- **Problem requirements**: Could you transcribe exactly the lines from the one containing "Brinquedo Terrier cão — Fotografia de Stock" through the last line of the records below, leaving out the pictures?

==*==

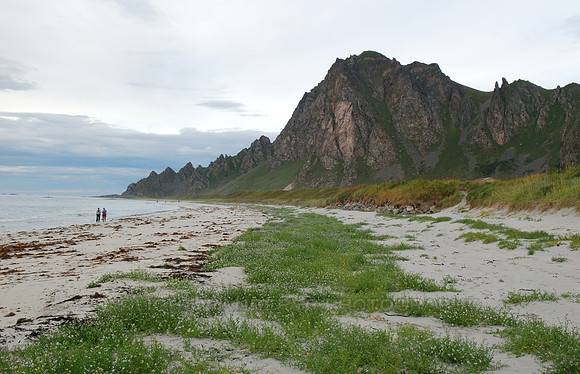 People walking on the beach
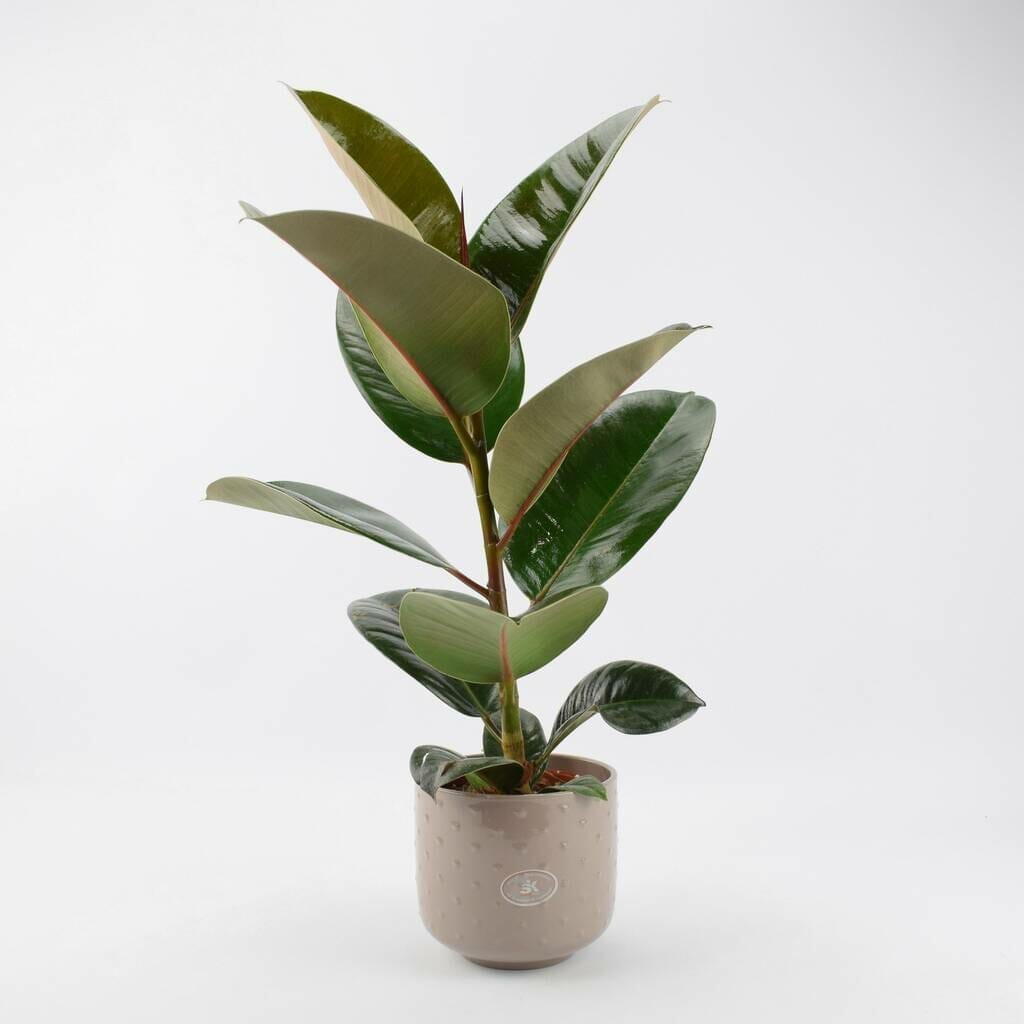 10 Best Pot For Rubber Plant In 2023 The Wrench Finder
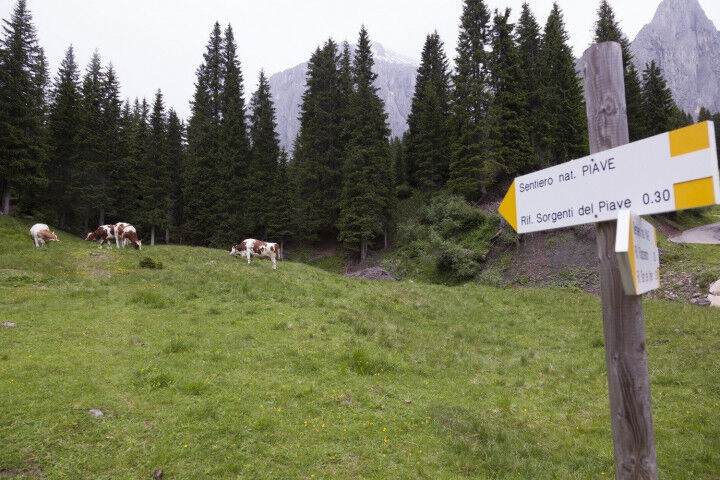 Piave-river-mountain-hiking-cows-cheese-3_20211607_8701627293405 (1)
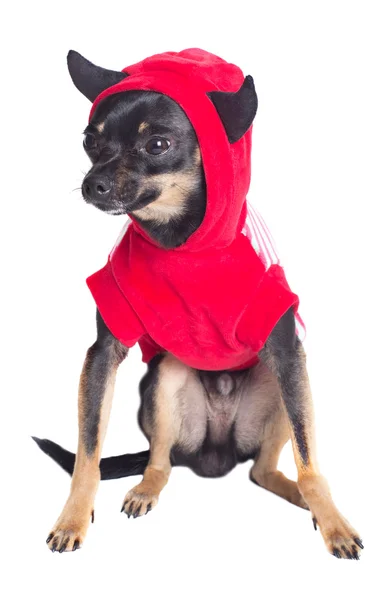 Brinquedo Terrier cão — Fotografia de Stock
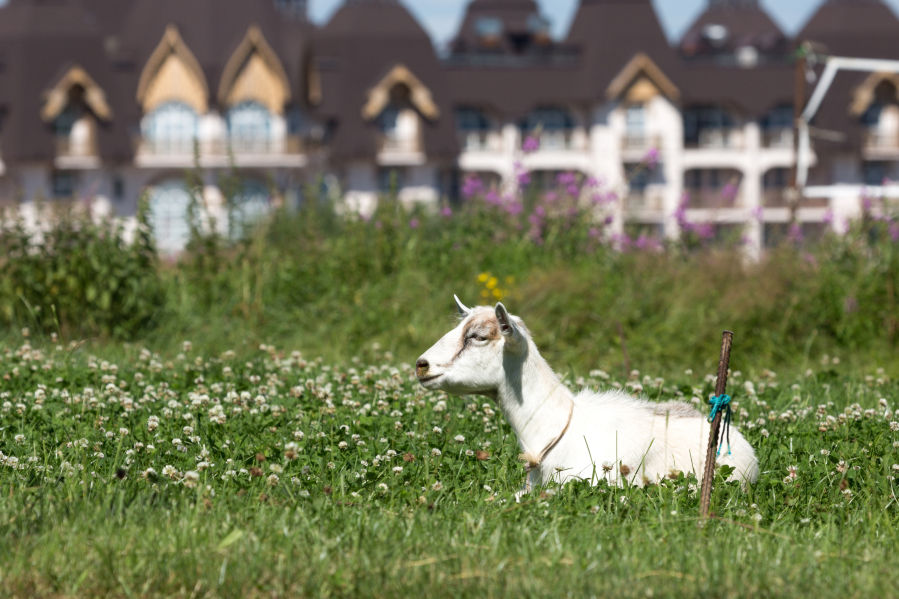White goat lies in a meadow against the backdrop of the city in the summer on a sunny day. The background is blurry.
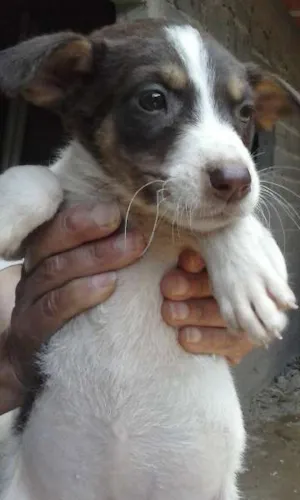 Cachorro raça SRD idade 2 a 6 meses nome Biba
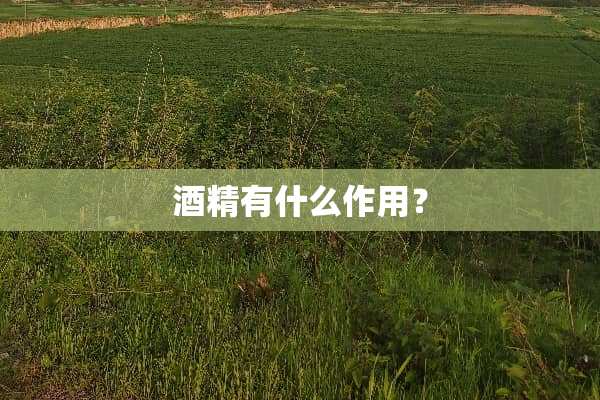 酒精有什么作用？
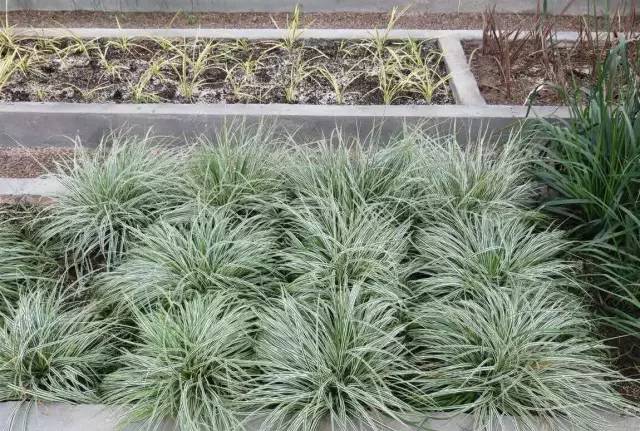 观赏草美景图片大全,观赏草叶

==*==

- **Answer below**:
 Brinquedo Terrier cão — Fotografia de Stock
White goat lies in a meadow against the backdrop of the city in the summer on a sunny day. The background is blurry.
 Cachorro raça SRD idade 2 a 6 meses nome Biba
 酒精有什么作用？
 观赏草美景图片大全,观赏草叶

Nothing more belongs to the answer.